Physically Based Rendering
Irradiance Caching (IC) is a technique used in Physically Based Rendering to speed up rendering of the indirect diffuse component of the global illumination solution. IC stores irradiance computed sparsely via hemisphere sampling and uses it to interpolate at nearby locations.
- A Ray Tracing Solution to Diffuse Interreflection [Ward et al. 1988] - the original paper on Irradiance Caching
- Irradiance Gradients [Ward and Heckbert 1992] - a technique to improve results at little additional cost
- Making Radiance and Irradiance Caching Practical: Adaptive Caching and Neighbor Clamping [PDF] [Krivanek et al. 2006] - further improvements to the irradiance caching rendering quality
- SIGGRAPH 2008 Class provides both background about Irradiance Caching as well as insight into practical issues.
- Practical Global Illumination with Irradiance Caching [Krivanek and Gautron 2009] - the best book around about IC
- Irradiance Caching overview by Rory Driscoll: Part 1 (basic implementation), Part 2 (gradients)
An effective irradiance cache requires records to be stored in an acceleration structure that allows efficient insertion and fast lookup.

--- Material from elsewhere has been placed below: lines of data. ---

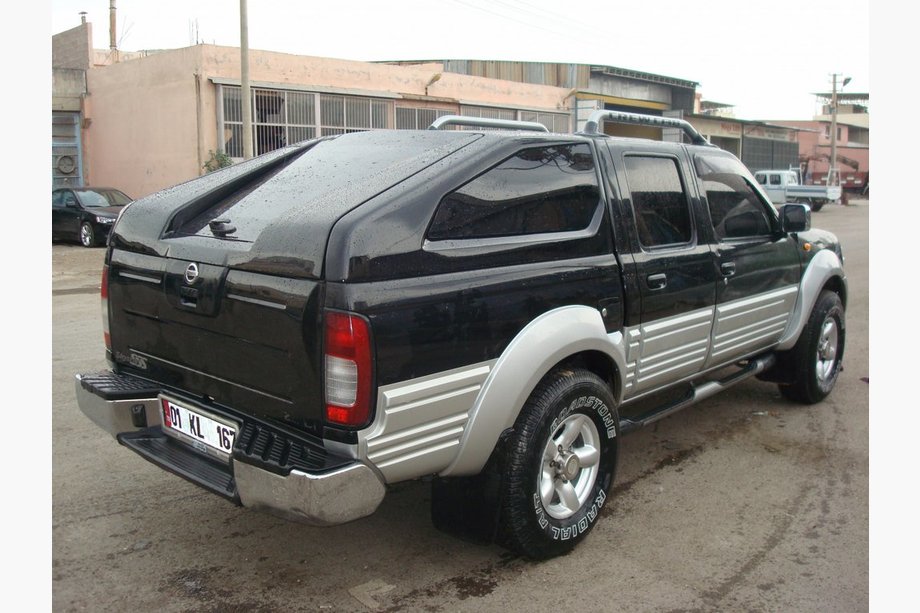 Nissan NP300 1999–2015 Hardtop Starbox Image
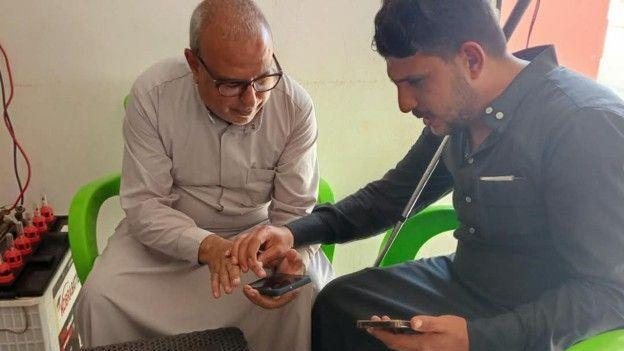 في قرية "النور للمكفوفين بسوريا"... كيف يرى فاقدو البصر بالذكاء الاصطناعي؟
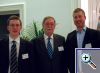 Maximilian Kuhn (Weilheim) mit dem nieders�chsischen Minister f�r Ern�hrung, Landwirtschaft, Verbraucherschutz und Landesentwicklung, Gert Lindemann, auf dem Parlamentarischen Abend der Getreidewirtschaft am 23.3.2011 in der Vertretung des Landes Niedersachsen bei der EU in Br�ssel. Neben ihm der f�r Agrarfragen zust�ndige Parlamentarische Referent von Prof. Mayer, Bernd Rakers.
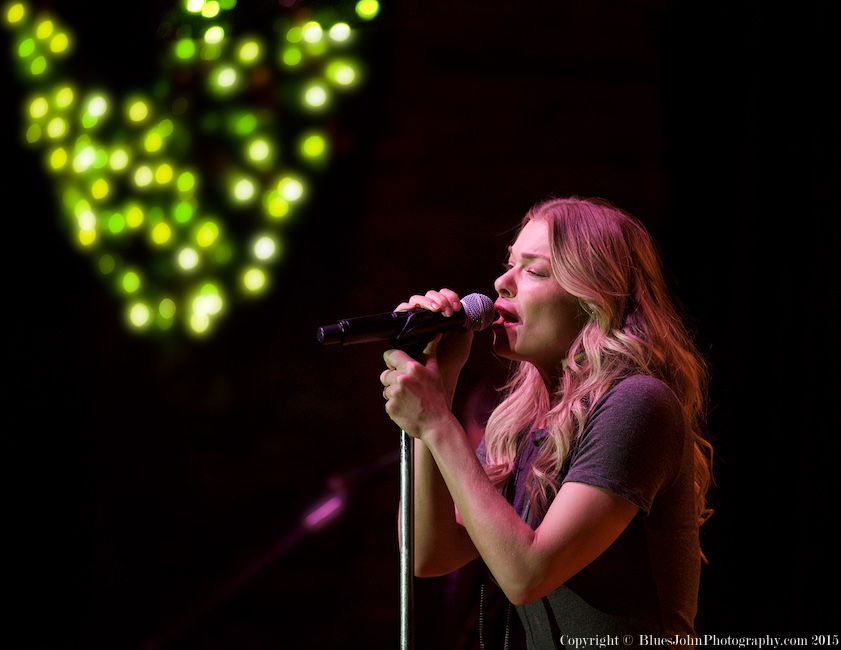 LeAnn Rimes, Spirit Mountain Casino, photo by John Alcala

An octree is most often used for this. This is a data structure which recursively divides regions of space into eight cubes of equal dimensions. This allows records with varying areas of influence to be stored at different depth levels of the octree.
For an overview of how it works in an IC, see [Ward et al. 1988] or [Krivanek and Gautron 2009] above. Some octree implementations are available online - look for those in PBRT and Mitsuba.